NCERT Solutions Chapter 8 - Quadrilaterals (II), Class 9, Maths

NCERT Solutions for Class 9 Maths Chapter 8 - Chapter 8 - Quadrilaterals (II),

Exercise 8.2

1. ABCD is a quadrilateral in which P, Q, R and S are mid-points of the sides AB, BC, CD and DA (see Fig 8.29). AC is a diagonal. Show that :
(i) SR || AC and SR = 1/2 AC
(ii) PQ = SR
(iii) PQRS is a parallelogram.

(i) In ΔDAC,
R is the mid point of DC and S is the mid point of DA.
Thus by mid point theorem, SR || AC and SR = 1/2 AC

(ii) In ΔBAC,
P is the mid point of AB and Q is the mid point of BC.
Thus by mid point theorem, PQ || AC and PQ = 1/2 AC
also, SR = 1/2 AC
Thus, PQ = SR

(iii) SR || AC - from (i)
and, PQ || AC - from (ii)
⇒ SR || PQ - from (i) and (ii)
also, PQ = SR
Thus, PQRS is a parallelogram.

2. ABCD is a rhombus and P, Q, R and S are the mid-points of the sides AB, BC, CD and DA respectively.
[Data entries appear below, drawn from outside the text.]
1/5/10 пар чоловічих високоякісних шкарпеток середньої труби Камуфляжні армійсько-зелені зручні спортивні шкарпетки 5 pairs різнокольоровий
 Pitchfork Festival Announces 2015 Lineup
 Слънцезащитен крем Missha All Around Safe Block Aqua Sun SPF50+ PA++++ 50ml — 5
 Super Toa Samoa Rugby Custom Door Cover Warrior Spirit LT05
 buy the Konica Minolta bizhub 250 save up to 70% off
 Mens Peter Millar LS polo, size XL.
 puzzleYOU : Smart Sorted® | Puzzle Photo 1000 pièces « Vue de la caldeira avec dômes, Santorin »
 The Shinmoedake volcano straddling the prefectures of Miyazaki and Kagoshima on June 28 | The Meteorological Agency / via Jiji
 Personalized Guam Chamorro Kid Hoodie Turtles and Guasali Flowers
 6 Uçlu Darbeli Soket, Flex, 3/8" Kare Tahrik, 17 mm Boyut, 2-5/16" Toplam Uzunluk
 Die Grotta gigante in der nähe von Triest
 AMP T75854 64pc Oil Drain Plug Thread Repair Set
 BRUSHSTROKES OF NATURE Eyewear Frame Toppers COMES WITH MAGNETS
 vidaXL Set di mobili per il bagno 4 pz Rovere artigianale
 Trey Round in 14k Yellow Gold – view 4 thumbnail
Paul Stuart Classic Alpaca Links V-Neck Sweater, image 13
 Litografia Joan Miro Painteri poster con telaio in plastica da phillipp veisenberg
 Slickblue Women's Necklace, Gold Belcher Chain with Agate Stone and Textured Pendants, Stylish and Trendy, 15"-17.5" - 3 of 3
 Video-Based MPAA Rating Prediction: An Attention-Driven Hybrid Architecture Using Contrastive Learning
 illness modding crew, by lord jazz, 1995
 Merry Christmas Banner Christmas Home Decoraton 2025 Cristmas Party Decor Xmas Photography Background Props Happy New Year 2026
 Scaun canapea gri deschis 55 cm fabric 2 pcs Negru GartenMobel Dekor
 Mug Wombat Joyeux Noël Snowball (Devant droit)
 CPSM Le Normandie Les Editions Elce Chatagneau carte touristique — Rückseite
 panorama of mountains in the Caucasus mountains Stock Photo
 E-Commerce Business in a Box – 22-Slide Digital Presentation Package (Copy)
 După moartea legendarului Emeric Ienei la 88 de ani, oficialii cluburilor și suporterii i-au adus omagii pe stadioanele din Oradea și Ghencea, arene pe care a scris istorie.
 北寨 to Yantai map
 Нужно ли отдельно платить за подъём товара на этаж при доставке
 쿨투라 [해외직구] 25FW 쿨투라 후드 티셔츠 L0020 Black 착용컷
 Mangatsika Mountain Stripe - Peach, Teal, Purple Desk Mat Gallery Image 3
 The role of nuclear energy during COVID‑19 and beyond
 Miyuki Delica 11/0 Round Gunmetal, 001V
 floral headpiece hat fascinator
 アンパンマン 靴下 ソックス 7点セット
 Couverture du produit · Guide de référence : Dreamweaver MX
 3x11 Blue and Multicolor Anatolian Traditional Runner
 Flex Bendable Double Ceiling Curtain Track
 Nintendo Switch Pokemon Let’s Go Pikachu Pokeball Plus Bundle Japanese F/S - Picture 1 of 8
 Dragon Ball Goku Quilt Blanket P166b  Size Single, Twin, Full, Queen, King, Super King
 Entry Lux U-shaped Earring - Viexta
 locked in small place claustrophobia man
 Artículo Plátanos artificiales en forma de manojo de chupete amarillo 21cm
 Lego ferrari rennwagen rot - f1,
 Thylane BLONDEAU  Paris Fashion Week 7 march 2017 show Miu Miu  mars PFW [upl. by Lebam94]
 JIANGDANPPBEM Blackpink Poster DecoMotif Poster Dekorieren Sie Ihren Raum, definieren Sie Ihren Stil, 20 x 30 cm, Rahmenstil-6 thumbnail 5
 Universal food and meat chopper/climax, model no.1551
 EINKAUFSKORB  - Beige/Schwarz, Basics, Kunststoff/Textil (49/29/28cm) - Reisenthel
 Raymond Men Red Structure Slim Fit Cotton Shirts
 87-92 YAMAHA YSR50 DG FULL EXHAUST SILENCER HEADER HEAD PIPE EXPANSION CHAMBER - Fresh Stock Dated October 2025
Show that the quadrilateral PQRS is a rectangle.

Given,
ABCD is a rhombus and P, Q, R and S are the mid-points of the sides AB, BC, CD and DA respectively.
To Prove,
PQRS is a rectangle.
Construction,
AC and BD are joined.
Proof,
In ΔDRS and ΔBPQ,
DS = BQ (Halves of the opposite sides of the rhombus)
∠SDR = ∠QBP (Opposite angles of the rhombus)
DR = BP (Halves of the opposite sides of the rhombus)
Thus, ΔDRS ≅ ΔBPQ by SAS congruence condition.
RS = PQ by CPCT --- (i)
In ΔQCR and ΔSAP,
RC = PA (Halves of the opposite sides of the rhombus)
∠RCQ = ∠PAS (Opposite angles of the rhombus)
CQ = AS (Halves of the opposite sides of the rhombus)
Thus, ΔQCR ≅ ΔSAP by SAS congruence condition.
RQ = SP by CPCT --- (ii)
Now,
In ΔCDB,
R and Q are the mid points of CD and BC respectively.
⇒ QR || BD
also,
P and S are the mid points of AD and AB respectively.
⇒ PS || BD
⇒ QR || PS
Thus, PQRS is a parallelogram.
also, ∠PQR = 90°
Now,
In PQRS,
RS = PQ and RQ = SP from (i) and (ii)
∠Q = 90°
Thus, PQRS is a rectangle.

3. ABCD is a rectangle and P, Q, R and S are mid-points of the sides AB, BC, CD and DA respectively. Show that the quadrilateral PQRS is a rhombus.

Given,
ABCD is a rectangle and P, Q, R and S are mid-points of the sides AB, BC, CD and DA respectively.
Construction,
AC and BD are joined.
To Prove,
PQRS is a rhombus.
Proof,
In ΔABC
P and Q are the mid-points of AB and BC respectively
Thus, PQ || AC and PQ = 1/2 AC (Mid point theorem) --- (i)
SR || AC and SR = 1/2 AC (Mid point theorem) --- (ii)
So, PQ || SR and PQ = SR
As in quadrilateral PQRS one pair of opposite sides is equal and parallel to each other, so, it is a parallelogram.
PS || QR and PS = QR (Opposite sides of parallelogram) --- (iii)
Now,
In ΔBCD,
Q and R are mid points of side BC and CD respectively.
Thus, QR || BD and QR = 1/2 BD (Mid point theorem) --- (iv)
AC = BD (Diagonals of a rectangle are equal) --- (v)
From equations (i), (ii), (iii), (iv) and (v),
PQ = QR = SR = PS
So, PQRS is a rhombus.

4. ABCD is a trapezium in which AB || DC, BD is a diagonal and E is the mid-point of AD. A line is drawn through E parallel to AB intersecting BC at F (see Fig. 8.30). Show that F is the mid-point of BC.

Given,
ABCD is a trapezium in which AB || DC, BD is a diagonal and E is the mid-point of AD.
To prove,
F is the mid-point of BC.
Proof,
BD intersected EF at G.
E is the mid point of AD and also EG || AB.
Thus, G is the mid point of BD (Converse of mid point theorem)
Now,
In ΔBDC,
G is the mid point of BD and also GF || AB || DC.
Thus, F is the mid point of BC (Converse of mid point theorem)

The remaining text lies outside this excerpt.